- **PROBLEM DESCRIPTION**: The expected result is a verbatim repetition of the lines from the start of the entries through the line containing "Women's Antigua Gray", with the pictures removed.

- **MATERIAL SHOWN**:
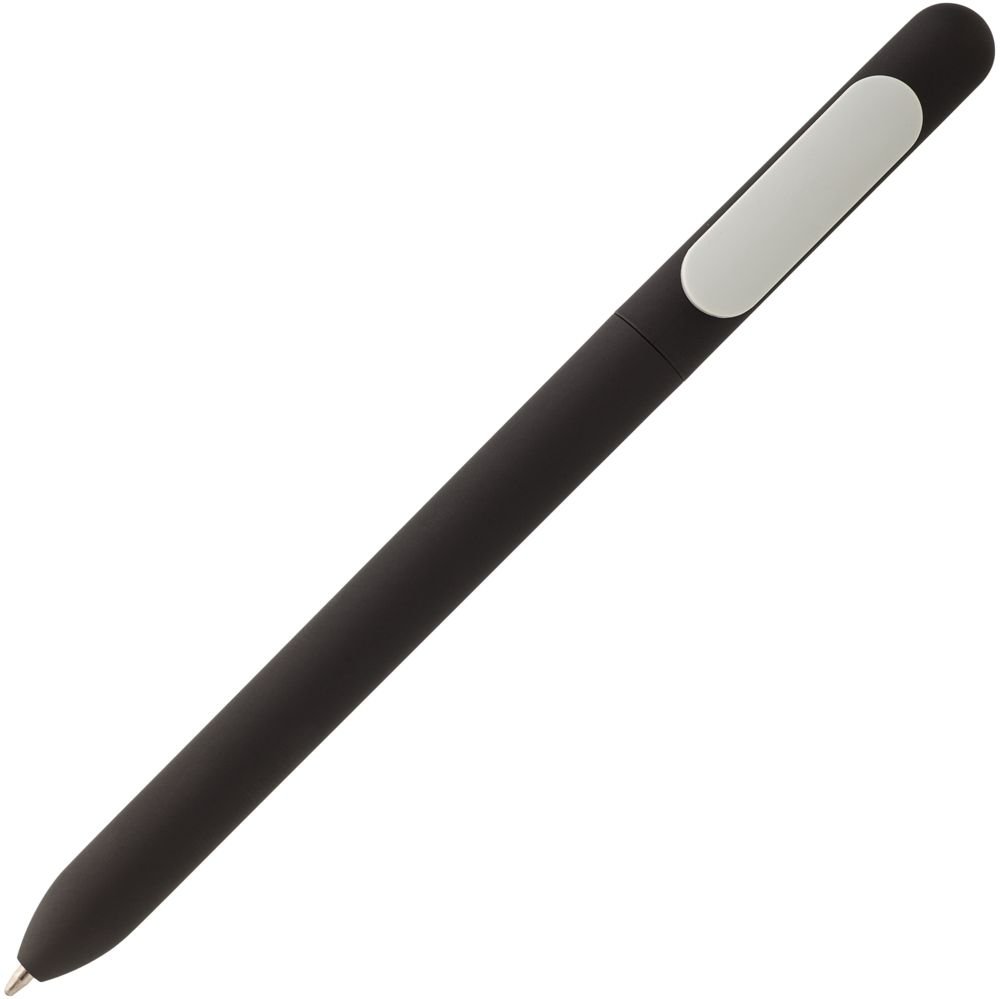 Ручка шариковая Slider Soft Touch, черная с белым_1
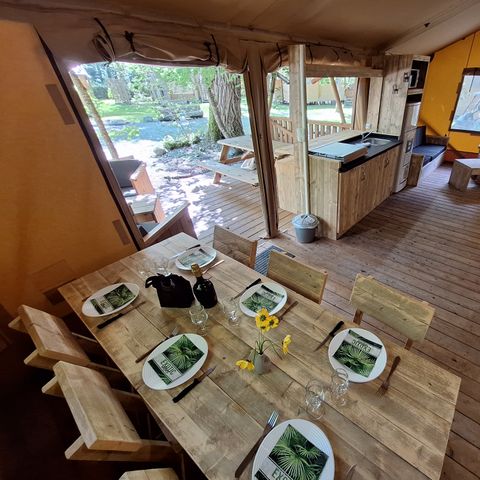 TENTE TOILE ET BOIS 6 personnes - Lodge SAFARI 6 pers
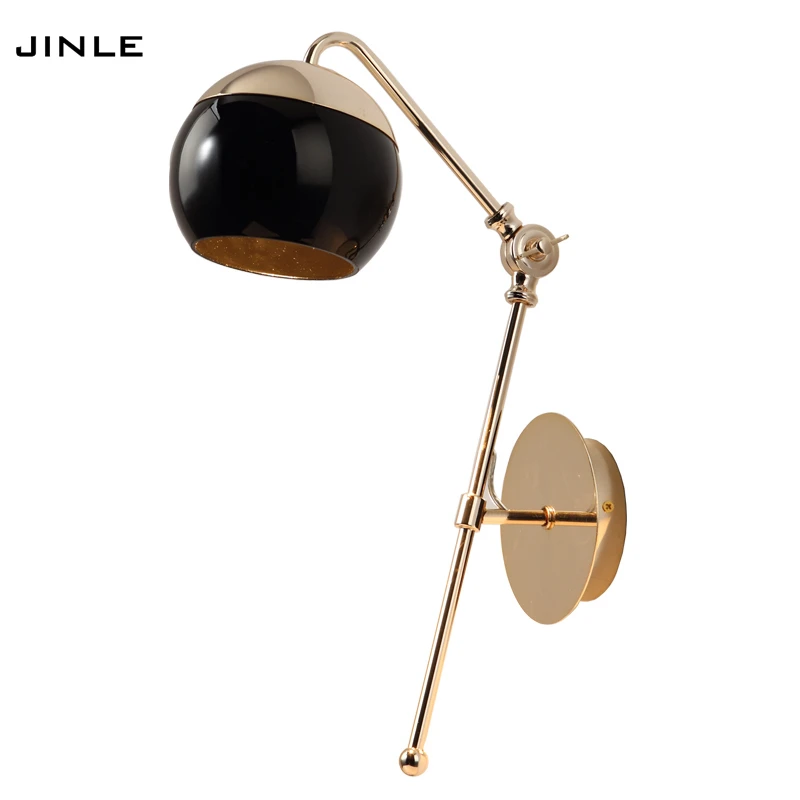 Post modern Golden personality wall lamp simplicity of the iron art light body freely adjust glass lampshade bedroom wall lamp body of art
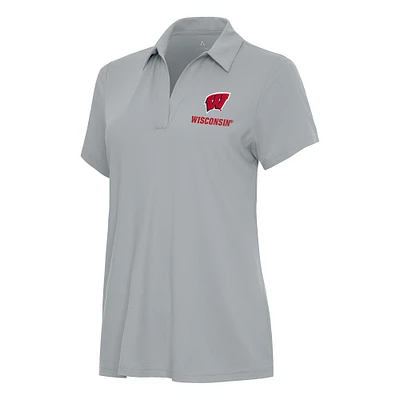 Women's Antigua Gray Wisconsin Badgers Era Polo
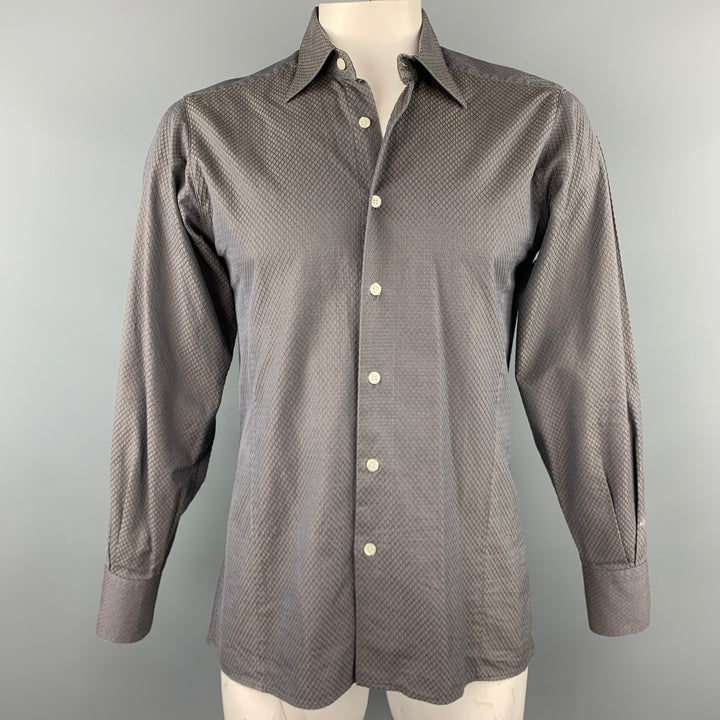 BRUCE FIELD Size L Dark Gray Textured Cotton Button Up Long Sleeve Shirt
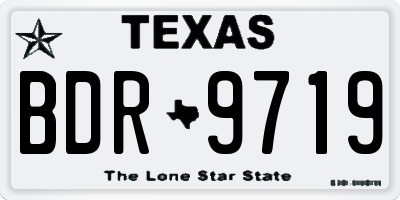 TX license plate BDR9719
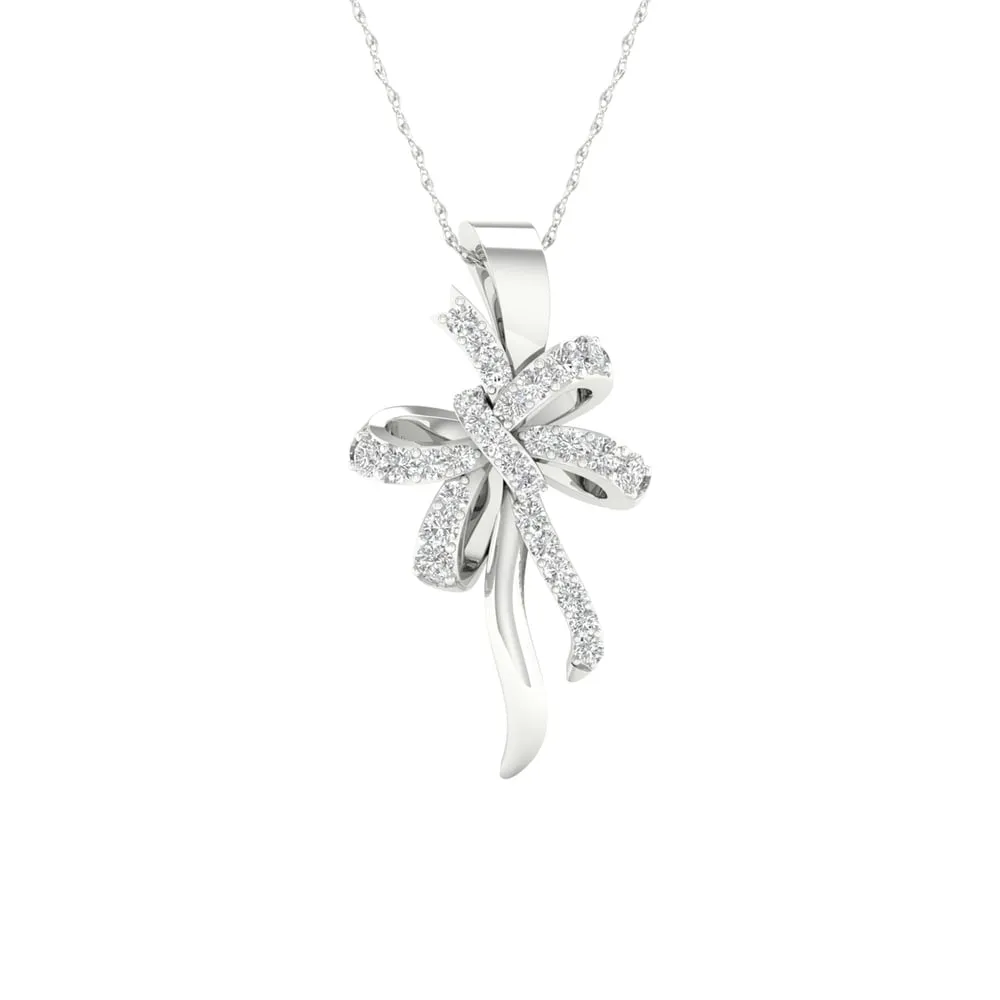 1/8ct TDW Diamond Bow Necklace in 10k Gold by De Couer sold by Zulily product image thumbnail 5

- **ANSWER FOR THE TASK**:
 Ручка шариковая Slider Soft Touch, черная с белым_1
 TENTE TOILE ET BOIS 6 personnes - Lodge SAFARI 6 pers
 Post modern Golden personality wall lamp simplicity of the iron art light body freely adjust glass lampshade bedroom wall lamp body of art
 Women's Antigua Gray Wisconsin Badgers Era Polo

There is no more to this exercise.